• [EXERCISE]: Write each line exactly, from the line that holds "Miami Dolphins Burnt" through the final line of the material, and no other line.
■ ■ ■ ■ ■ ■ ■
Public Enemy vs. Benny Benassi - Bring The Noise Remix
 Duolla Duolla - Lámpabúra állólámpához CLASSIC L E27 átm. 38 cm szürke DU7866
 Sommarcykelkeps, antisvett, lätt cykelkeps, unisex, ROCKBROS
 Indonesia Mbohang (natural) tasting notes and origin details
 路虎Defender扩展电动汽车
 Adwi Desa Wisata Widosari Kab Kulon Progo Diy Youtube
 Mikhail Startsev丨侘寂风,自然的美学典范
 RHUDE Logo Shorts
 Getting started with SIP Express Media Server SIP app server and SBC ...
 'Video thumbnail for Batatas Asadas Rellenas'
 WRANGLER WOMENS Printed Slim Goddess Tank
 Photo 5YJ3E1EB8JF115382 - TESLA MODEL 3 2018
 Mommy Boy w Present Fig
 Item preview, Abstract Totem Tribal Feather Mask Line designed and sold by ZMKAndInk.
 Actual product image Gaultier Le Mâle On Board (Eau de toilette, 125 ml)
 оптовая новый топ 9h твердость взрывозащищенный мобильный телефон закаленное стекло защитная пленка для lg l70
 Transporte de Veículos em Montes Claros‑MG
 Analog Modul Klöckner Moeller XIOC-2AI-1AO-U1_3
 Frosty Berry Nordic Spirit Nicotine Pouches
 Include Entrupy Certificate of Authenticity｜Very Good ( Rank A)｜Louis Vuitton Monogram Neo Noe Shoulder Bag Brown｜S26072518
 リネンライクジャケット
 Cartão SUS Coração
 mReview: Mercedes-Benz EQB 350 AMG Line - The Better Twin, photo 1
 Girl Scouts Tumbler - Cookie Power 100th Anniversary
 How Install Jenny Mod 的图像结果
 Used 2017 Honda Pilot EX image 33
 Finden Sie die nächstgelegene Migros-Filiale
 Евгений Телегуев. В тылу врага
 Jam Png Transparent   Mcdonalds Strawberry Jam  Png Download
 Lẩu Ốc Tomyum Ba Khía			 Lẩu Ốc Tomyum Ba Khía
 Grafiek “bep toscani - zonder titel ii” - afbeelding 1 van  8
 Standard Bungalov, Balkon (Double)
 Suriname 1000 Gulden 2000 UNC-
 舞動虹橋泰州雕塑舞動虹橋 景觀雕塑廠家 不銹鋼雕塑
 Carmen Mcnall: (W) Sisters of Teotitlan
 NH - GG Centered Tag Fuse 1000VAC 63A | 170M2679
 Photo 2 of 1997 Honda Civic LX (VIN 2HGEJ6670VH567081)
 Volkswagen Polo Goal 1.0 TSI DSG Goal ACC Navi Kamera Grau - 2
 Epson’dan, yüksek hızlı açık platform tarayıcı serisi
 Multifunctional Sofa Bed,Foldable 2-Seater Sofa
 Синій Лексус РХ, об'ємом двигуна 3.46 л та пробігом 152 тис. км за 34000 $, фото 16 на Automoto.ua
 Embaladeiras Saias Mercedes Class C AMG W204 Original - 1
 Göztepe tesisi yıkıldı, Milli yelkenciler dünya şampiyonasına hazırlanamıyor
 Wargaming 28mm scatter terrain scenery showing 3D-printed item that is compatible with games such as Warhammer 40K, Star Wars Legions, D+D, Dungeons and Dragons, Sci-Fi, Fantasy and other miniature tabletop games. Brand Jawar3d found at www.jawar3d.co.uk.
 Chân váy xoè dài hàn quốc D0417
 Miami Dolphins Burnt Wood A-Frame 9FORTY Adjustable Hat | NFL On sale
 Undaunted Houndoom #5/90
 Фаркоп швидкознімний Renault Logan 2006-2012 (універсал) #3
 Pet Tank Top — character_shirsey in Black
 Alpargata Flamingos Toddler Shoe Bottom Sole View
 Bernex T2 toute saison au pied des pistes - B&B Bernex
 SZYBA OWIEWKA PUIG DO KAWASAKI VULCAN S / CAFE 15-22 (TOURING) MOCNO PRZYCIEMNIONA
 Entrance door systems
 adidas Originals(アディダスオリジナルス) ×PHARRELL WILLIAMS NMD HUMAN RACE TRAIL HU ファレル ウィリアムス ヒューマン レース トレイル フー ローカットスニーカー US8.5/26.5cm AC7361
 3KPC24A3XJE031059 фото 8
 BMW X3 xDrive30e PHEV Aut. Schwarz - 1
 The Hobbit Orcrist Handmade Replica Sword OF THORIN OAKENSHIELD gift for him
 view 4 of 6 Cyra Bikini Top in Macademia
■ ■ ■ ■ ■ ■ ■
• [TASK ANSWER]:
 Miami Dolphins Burnt Wood A-Frame 9FORTY Adjustable Hat | NFL On sale
 Undaunted Houndoom #5/90
 Фаркоп швидкознімний Renault Logan 2006-2012 (універсал) #3
 Pet Tank Top — character_shirsey in Black
 Alpargata Flamingos Toddler Shoe Bottom Sole View
 Bernex T2 toute saison au pied des pistes - B&B Bernex
 SZYBA OWIEWKA PUIG DO KAWASAKI VULCAN S / CAFE 15-22 (TOURING) MOCNO PRZYCIEMNIONA
 Entrance door systems
 adidas Originals(アディダスオリジナルス) ×PHARRELL WILLIAMS NMD HUMAN RACE TRAIL HU ファレル ウィリアムス ヒューマン レース トレイル フー ローカットスニーカー US8.5/26.5cm AC7361
 3KPC24A3XJE031059 фото 8
 BMW X3 xDrive30e PHEV Aut. Schwarz - 1
 The Hobbit Orcrist Handmade Replica Sword OF THORIN OAKENSHIELD gift for him
 view 4 of 6 Cyra Bikini Top in Macademia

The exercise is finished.